A much bigger issue had also surfaced, however, as Beckett was diagnosed with thoracic outlet syndrome, which had been causing numbness in his pitching hand. He underwent surgery in July to remove his top rib to relieve pressure on a compressed nerve, leaving his status for 2014 in doubt. 

While the Dodgers’ reported pursuit of Japanese star Masahiro Tanaka this offseason indicated that they weren’t too interested in relying on Beckett to come back healthy and productive—the addition of Tanaka would’ve likely pushed Beckett out of the starting rotation mix altogether—they opted to sign Paul Maholm as a relatively inexpensive backup plan, keeping the door open for the former Marlins and Red Sox ace to win a rotation spot. 

The addition of Haren should help, especially if the Dodgers get the second-half-of-2013 version of him (3.52 ERA), as opposed to the one who struggled mightily to start his Washington Nationals career (6.15 ERA in first 15 starts of 2013). But it’s Beckett who could prove to be the X-factor in this Dodgers team living up to expectations and dominating throughout the 2014 season.

If his first start of the spring was any indication—he allowed just one ground-ball single over two shutout innings while striking out three and showing strong command of his fastball and breaking pitches—he’s well on his way to playing a key role in the Dodgers’ season. 

Beckett believes that his injury led to some bad habits, including a drop in his arm slot over the past couple of seasons. After studying video from his successful 2007-2009 seasons with the Red Sox, he picked up on the difference and is returning to his over-the-top delivery in 2014. 

“You certainly create some bad habits,” Beckett said. “I think I slowly started to creep down further and further, not knowing what the injury was.”

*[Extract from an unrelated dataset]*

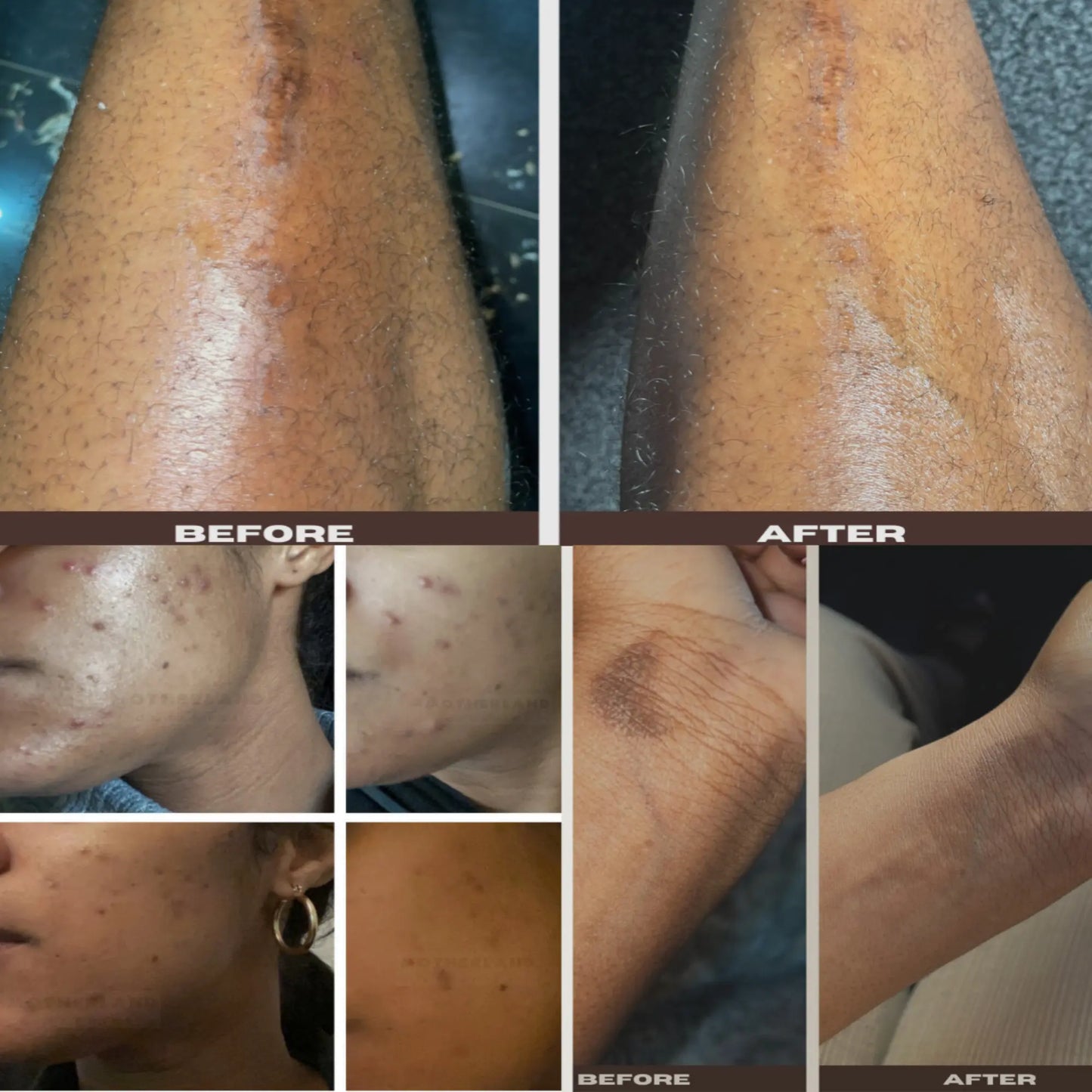 Before and after results showing visible improvement in scars, dark spots, hyperpigmentation, and acne. Skin transformation on shins, face, and arms achieved using the ADUN x KURO combo — a brightening body butter enriched with licorice root, mulberry, and bearberry, paired with an exfoliating coffee scrub for smooth, radiant, and even-toned skin.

Those aforementioned 2007-2009 seasons, in case you’re wondering, resulted in a 49-23 record, 3.71 ERA, 2.0 BB/9 and 8.7 K/9 over 89 starts in a very tough AL East. The Sox made the playoffs in each of those seasons, and Beckett’s impact was great. 

On his way to winning the ALCS MVP in 2007, Beckett went 4-0 while allowing just four earned runs in 30 innings pitched with two walks and 35 strikeouts over four playoff starts as the Sox won the World Series for the second time in four seasons.

He wasn’t nearly as effective in the 2008 and 2009 playoffs, although his reputation from winning the World Series MVP in 2003 while with the Florida Marlins and his brilliant performance in 2007 had already been earned. 

Beckett is entering his age-34 season, so it’s difficult to expect a similar performance from his ages 27-29 seasons.

But a return to health and better command combined with his big-game experience and what still appears to be a good enough fastball—it averaged 92 MPH in his eight starts last season, according to FanGraphs, which was 0.6 MPH higher than in 2012 and only 1.1 MPH less than in 2011, when he had one of his best seasons—could result in the Dodgers having one of the best No. 5 starters in baseball, which could separate them from the pack much sooner than in 2013.